Andrew here. As President Trump heads to Alaska on Friday to meet with President Vladimir Putin of Russia, we take a look at some of the negotiating points that may arise — and affect business.
We’re also thinking about reports that the U.S. may take a direct stake in Intel. It would be relatively unprecedented. On one side, the federal government has already given Intel an extraordinary amount of money in the form of subsidies via the Chips Act. On the other, making the government a shareholder raises all sorts of questions about the kind of free-market capitalism that the U.S. has been trying to export around the world.
What could it mean for the way our trading partners approach the U.S.? Will they become more protectionist and push for more of their own national champions? Or is this just a way to extract something from a struggling company?
What’s at stake
Heading into Friday’s summit meeting with President Vladimir Putin of Russia, President Trump has been trying to temper expectations.
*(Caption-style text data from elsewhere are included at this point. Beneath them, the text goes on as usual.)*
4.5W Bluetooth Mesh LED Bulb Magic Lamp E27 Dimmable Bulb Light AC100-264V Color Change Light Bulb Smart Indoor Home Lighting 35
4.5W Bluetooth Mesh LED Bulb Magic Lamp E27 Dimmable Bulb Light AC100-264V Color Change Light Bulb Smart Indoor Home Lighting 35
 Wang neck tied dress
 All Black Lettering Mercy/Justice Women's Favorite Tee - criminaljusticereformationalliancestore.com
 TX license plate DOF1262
There’s a “25 percent chance this meeting will not be a successful meeting,” he told Fox News Radio on Thursday.
But the stakes couldn’t be any bigger. It is the first face-to-face meeting between the heads of the two global powers since Russia’s 2022 invasion of Ukraine, which upended global energy markets and prompted bruising Western sanctions on Moscow.
The Kremlin-controlled media has already spun the talks as a public relations coup for Putin, a conclusion that President Volodymyr Zelensky of Ukraine regrettably shares. The hastily arranged talks have flabbergasted Europe. The Russian allies China, India and Brazil — weighed down by Trump’s tariffs — and the multinationals who operate in those countries will be closely watching, too.